# Any weight left to cut?



## bseracka (Jun 25, 2009)

Let me preface my question by saying I'm looking for cost effective weight loss. I've already upgraded my wheels, fork seat and post and peddles. I'm running the full ultegra group and stock specialized headset (mindset) stem and dropbar. Is there any obvious places left to drop weight?


----------



## RoadBikeVirgin (Nov 21, 2008)

Tubes are always the cheapest way to drop weight. I went from thorn resistant (250g/tube) to ultralight (80g/tube) - couple bucks different.

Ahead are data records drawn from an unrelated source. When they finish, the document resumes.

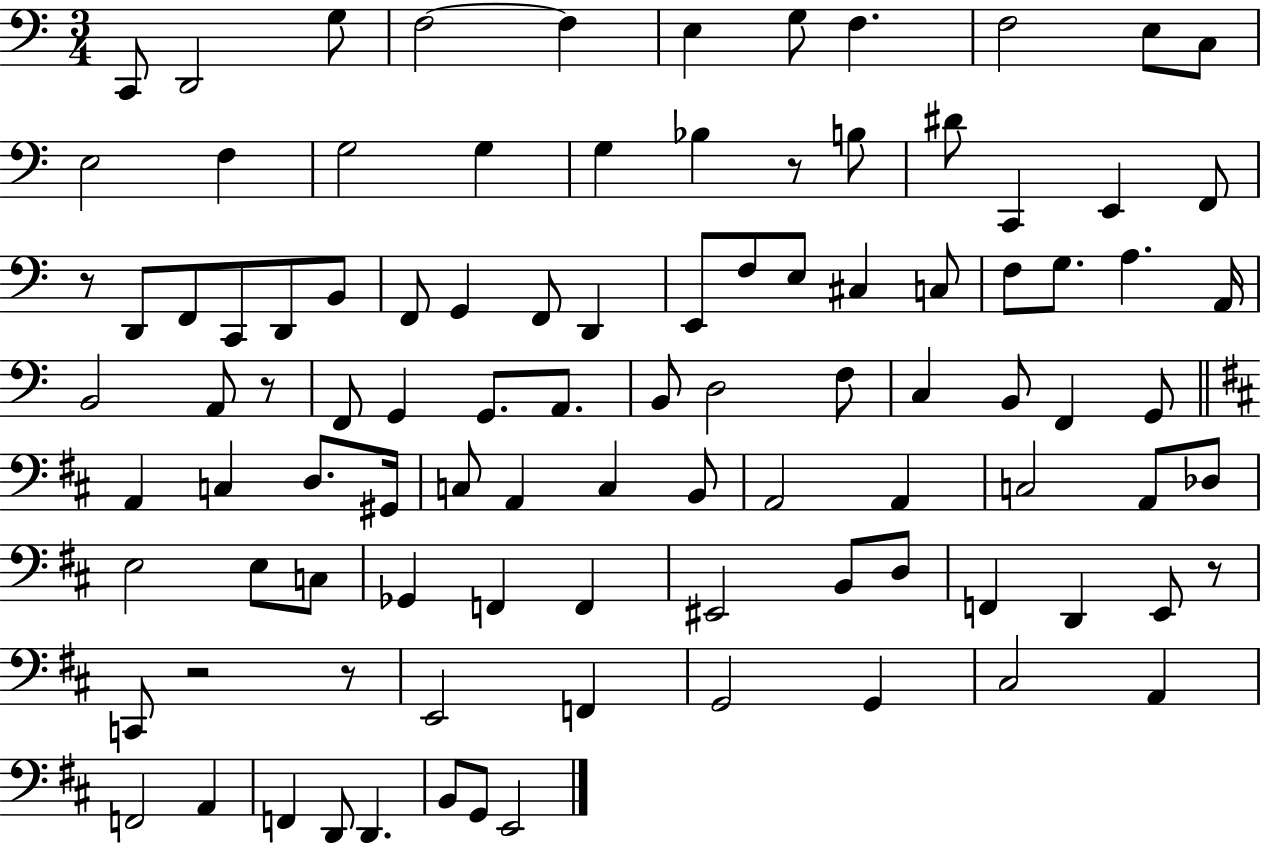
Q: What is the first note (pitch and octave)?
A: C2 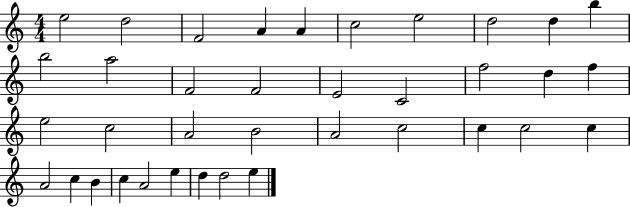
X:1
T:Untitled
M:4/4
L:1/4
K:C
e2 d2 F2 A A c2 e2 d2 d b b2 a2 F2 F2 E2 C2 f2 d f e2 c2 A2 B2 A2 c2 c c2 c A2 c B c A2 e d d2 e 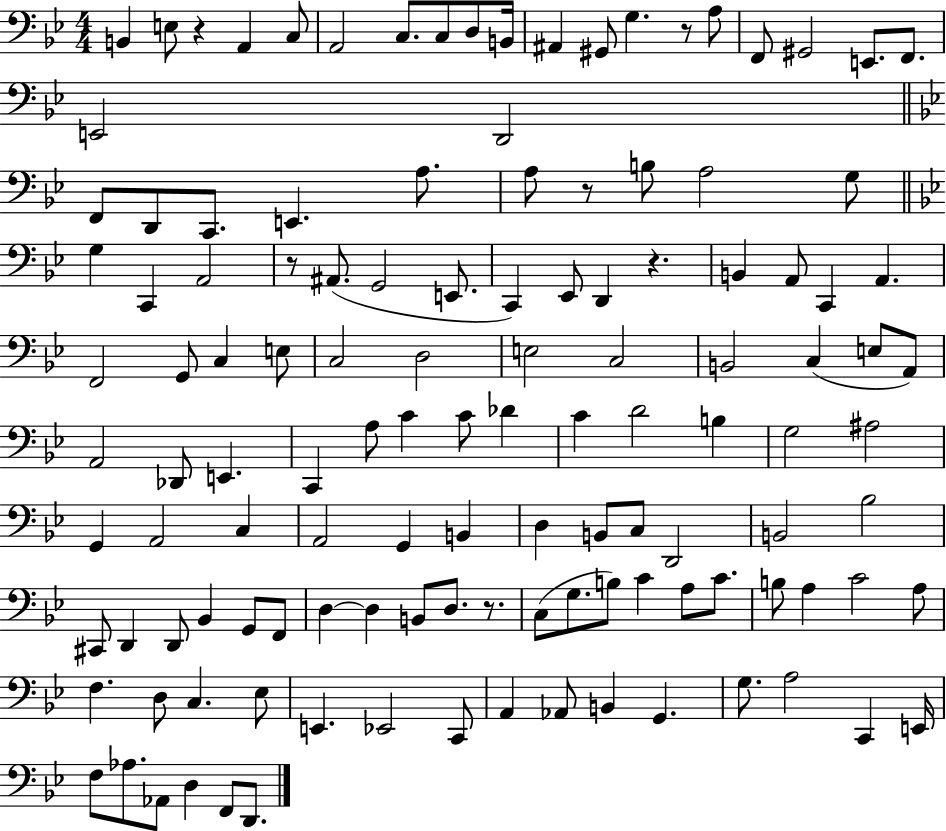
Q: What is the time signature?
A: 4/4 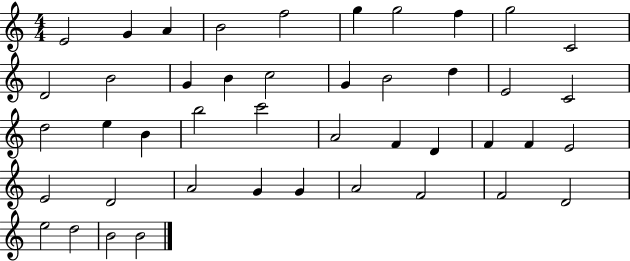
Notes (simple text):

E4/h G4/q A4/q B4/h F5/h G5/q G5/h F5/q G5/h C4/h D4/h B4/h G4/q B4/q C5/h G4/q B4/h D5/q E4/h C4/h D5/h E5/q B4/q B5/h C6/h A4/h F4/q D4/q F4/q F4/q E4/h E4/h D4/h A4/h G4/q G4/q A4/h F4/h F4/h D4/h E5/h D5/h B4/h B4/h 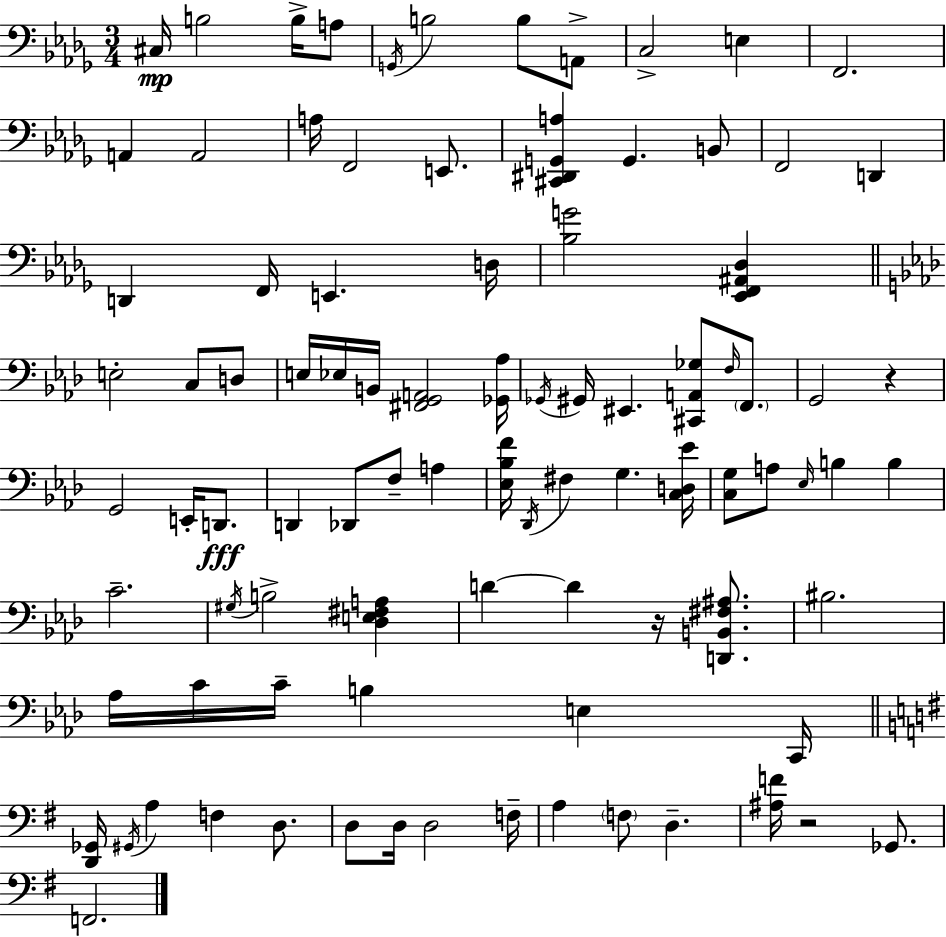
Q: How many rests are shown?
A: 3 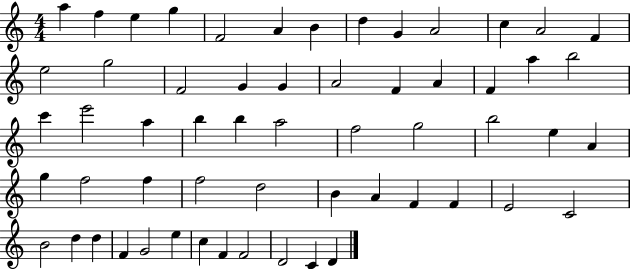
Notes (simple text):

A5/q F5/q E5/q G5/q F4/h A4/q B4/q D5/q G4/q A4/h C5/q A4/h F4/q E5/h G5/h F4/h G4/q G4/q A4/h F4/q A4/q F4/q A5/q B5/h C6/q E6/h A5/q B5/q B5/q A5/h F5/h G5/h B5/h E5/q A4/q G5/q F5/h F5/q F5/h D5/h B4/q A4/q F4/q F4/q E4/h C4/h B4/h D5/q D5/q F4/q G4/h E5/q C5/q F4/q F4/h D4/h C4/q D4/q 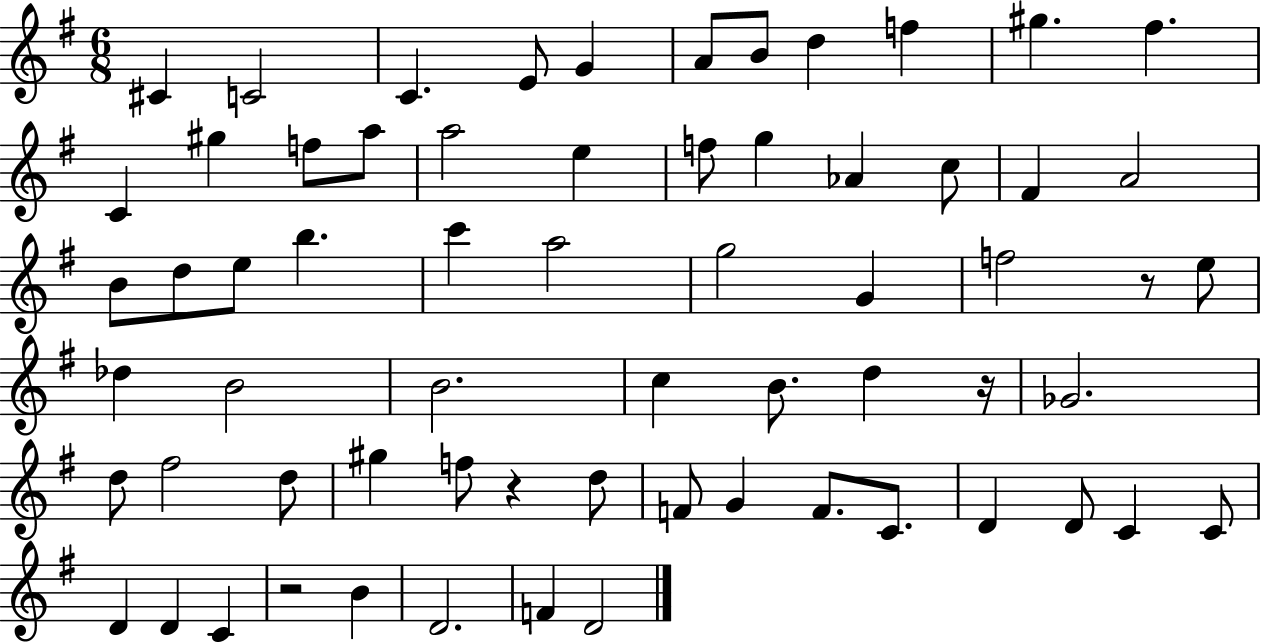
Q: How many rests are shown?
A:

Also, it would definitely help us if you gave a full spec list of all your bike's parts.

-Chris


----------



## bseracka (Jun 25, 2009)

*Thanks and specs*

It's a spec allez comp cromo with: 
spec intellaset stem
spec pro drop bar
spec all conditions tires 700x23
full ultegra double incl crank, bb, chain and cassette
crank bros 2 ti pedals
ritchey wcs ul fork
thomson masterpiece post
selle italia slr xp saddle
kinlin 270 rims
white h2 hubs 20 fron 28 rear
dt swiss double butted spokes
salsa wrap
tubes unknown


----------



## RoadBikeVirgin (Nov 21, 2008)

Just as an example, using posted weights of course:

Performance LunarLight tubes (98g/pair) - $16
Performance UltraLight tubes(150g/pair) - $12
Performance Standard tubes (234g/pair) - $9
Performance Thorn Resistant tubes (550g/pair) - $12

I'm willing to bet if you don't know what kind of tubes you have, the bike probably came with a standard tube size, or 234g in the example above. By just switching to Ultralights you'd save 84g (.185 pounds) or 136g (.3 pounds) if you use LunarLights. That's a pretty good (and cheap) place to start.

I'll look over your list and see what else I can find. I always recommend the cheapest, simplest options first after the wheels have been upgraded 

-Chris


----------



## Zachariah (Jan 29, 2009)

What does your Allez weigh now?


----------



## carlosflanders (Nov 23, 2008)

Shoes, kit, helmet


----------